[ASSIGNMENT]
Would you please write out only the lines running from the top of the listing through the one holding "Lizzo Gray The", exactly, with both ends kept and pictures left out?

[RECORDS SHOWN]
- - - - -
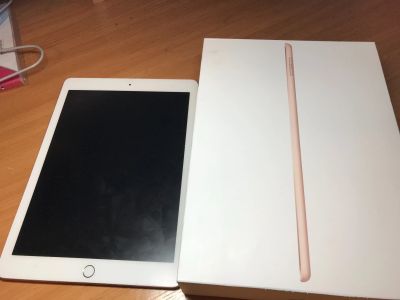 Лот: 12105478. Фото: 1. iPad 2018 WiFi 32gb. Планшеты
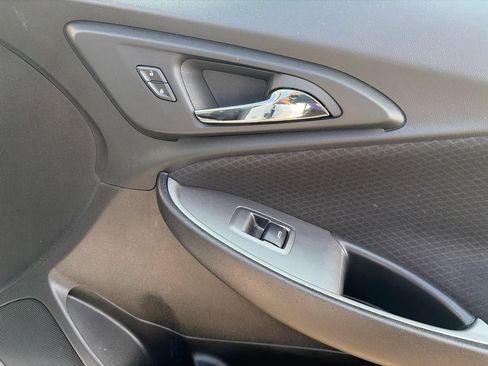 Used 2024 Chevrolet Malibu LT FWD image 11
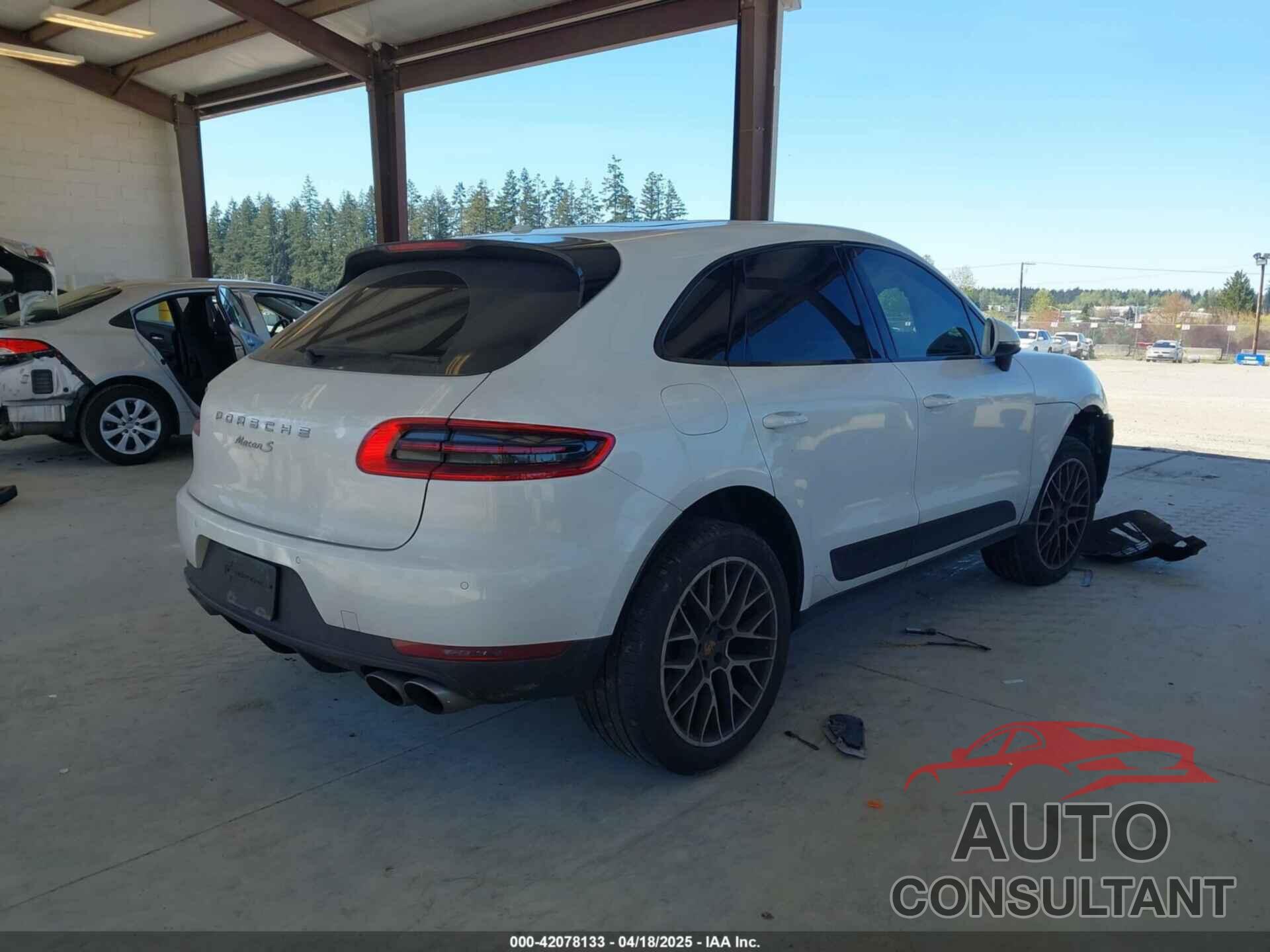 PORSCHE MACAN 2016 - WP1AB2A52GLB53197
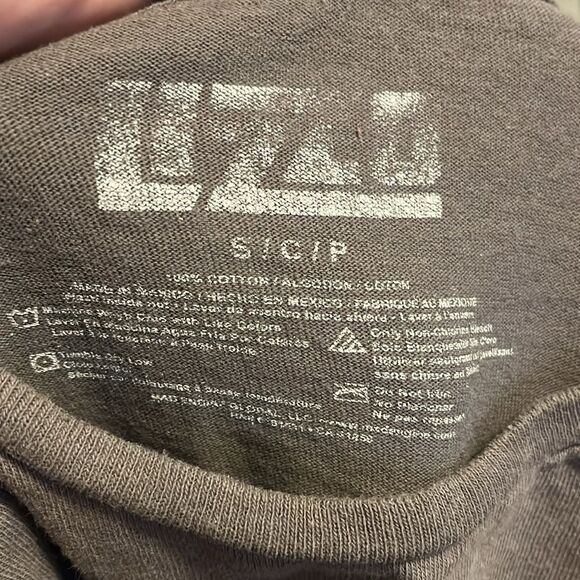 Lizzo Gray The Special Tour Distressed Graphic Shirt Music Singer Artist - Picture 9 of 9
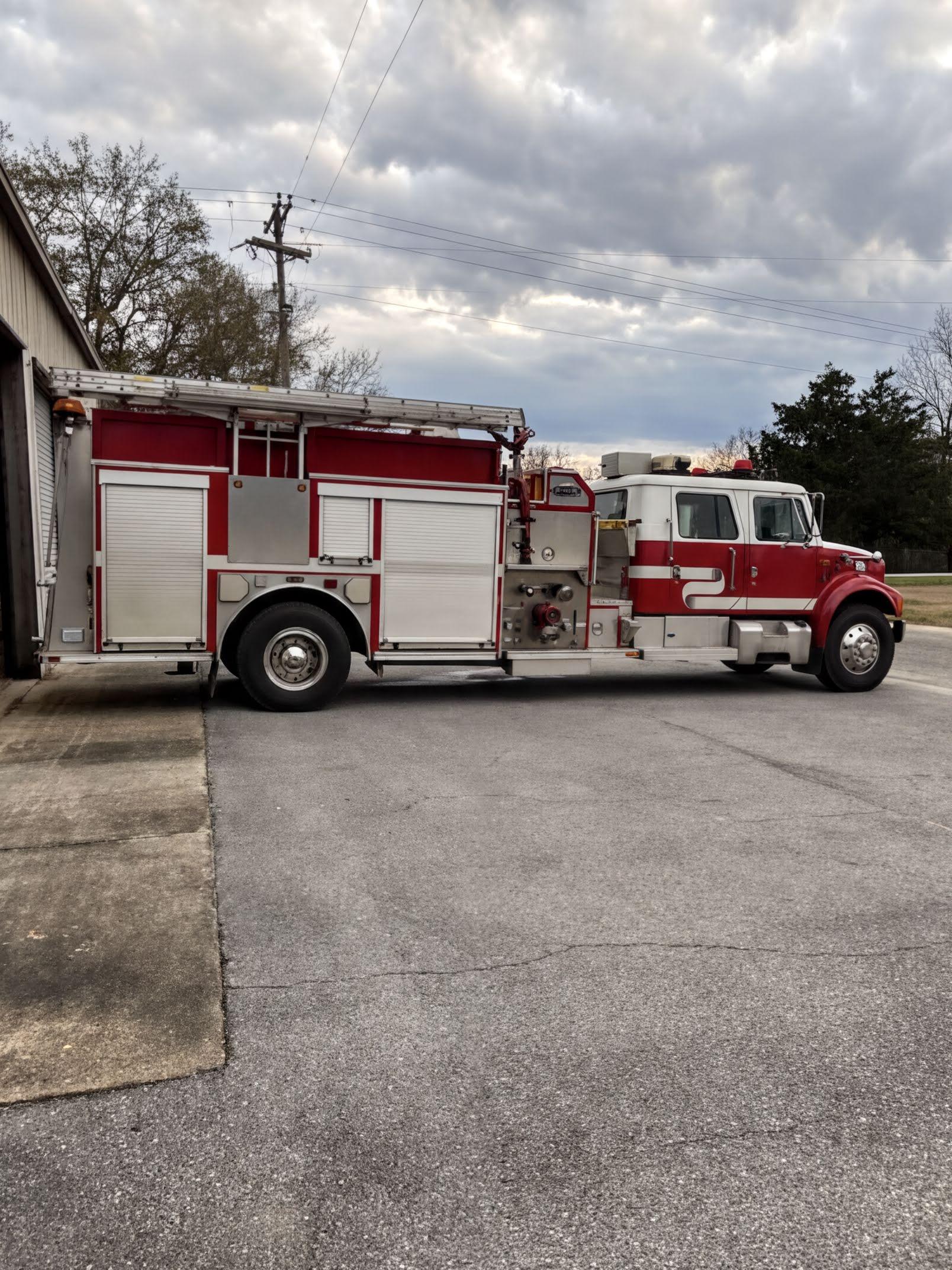 2002 E-One International Pumper - image 3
- - - - -
[REPLY TO THE EXERCISE]
 Лот: 12105478. Фото: 1. iPad 2018 WiFi 32gb. Планшеты
 Used 2024 Chevrolet Malibu LT FWD image 11
 PORSCHE MACAN 2016 - WP1AB2A52GLB53197
 Lizzo Gray The Special Tour Distressed Graphic Shirt Music Singer Artist - Picture 9 of 9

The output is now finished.